▸ Provided data:
-- Opening Marker --

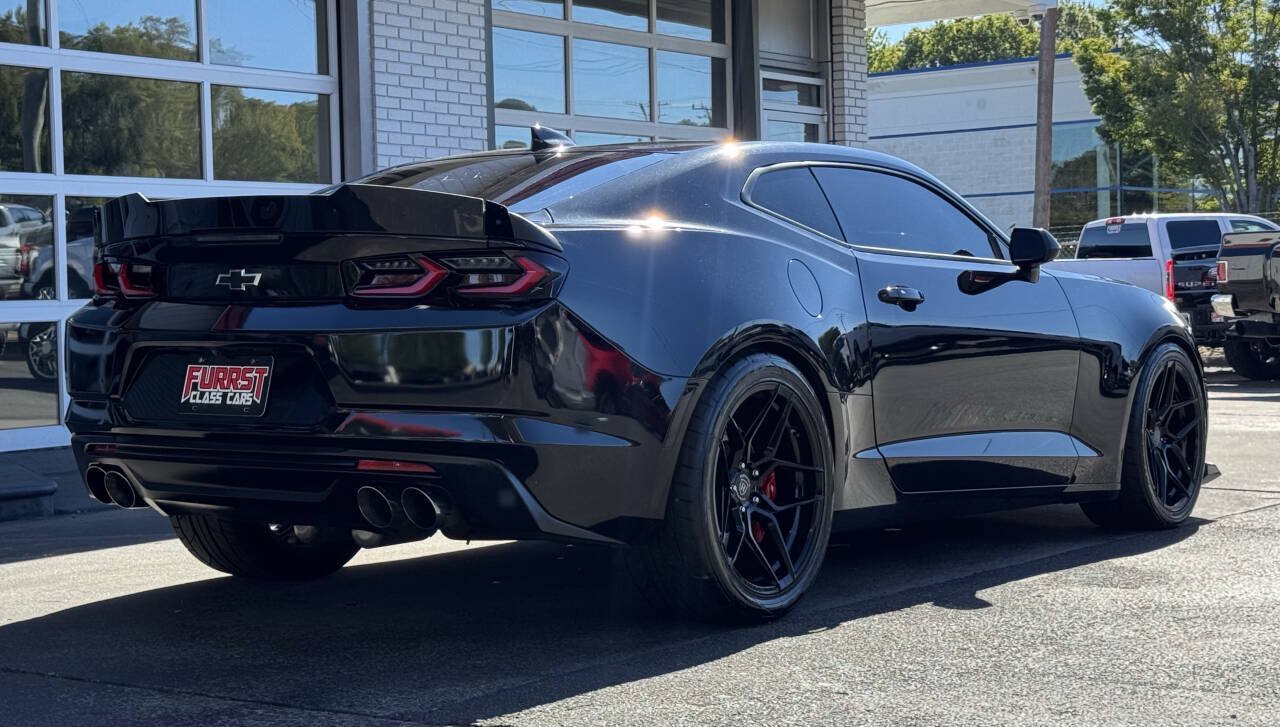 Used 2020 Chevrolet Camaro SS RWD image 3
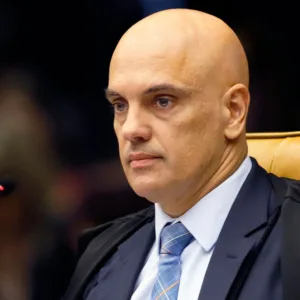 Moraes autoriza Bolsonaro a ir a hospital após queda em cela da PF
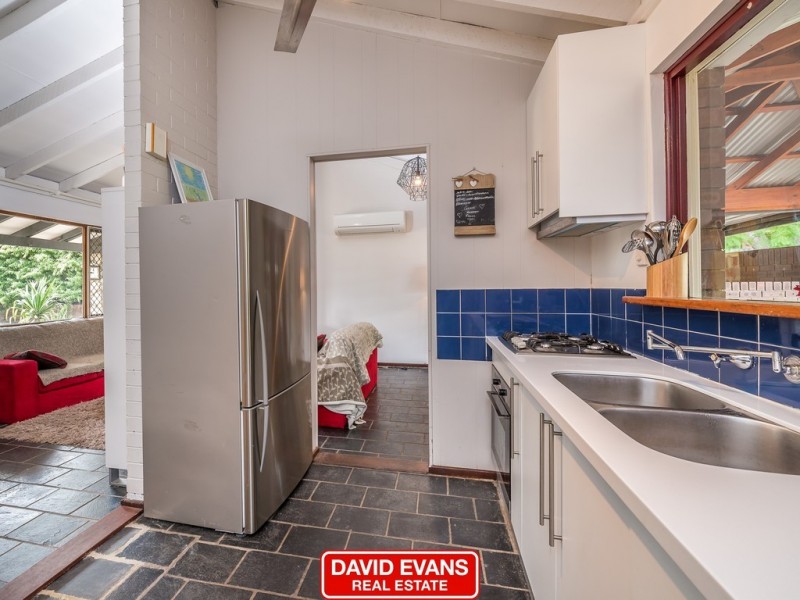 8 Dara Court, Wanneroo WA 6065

-- Closing Marker --

▸ What is required:
The output has to match the data above line for line, except that pictures are dropped.

▸ Task output:
 Used 2020 Chevrolet Camaro SS RWD image 3
 Moraes autoriza Bolsonaro a ir a hospital após queda em cela da PF
 8 Dara Court, Wanneroo WA 6065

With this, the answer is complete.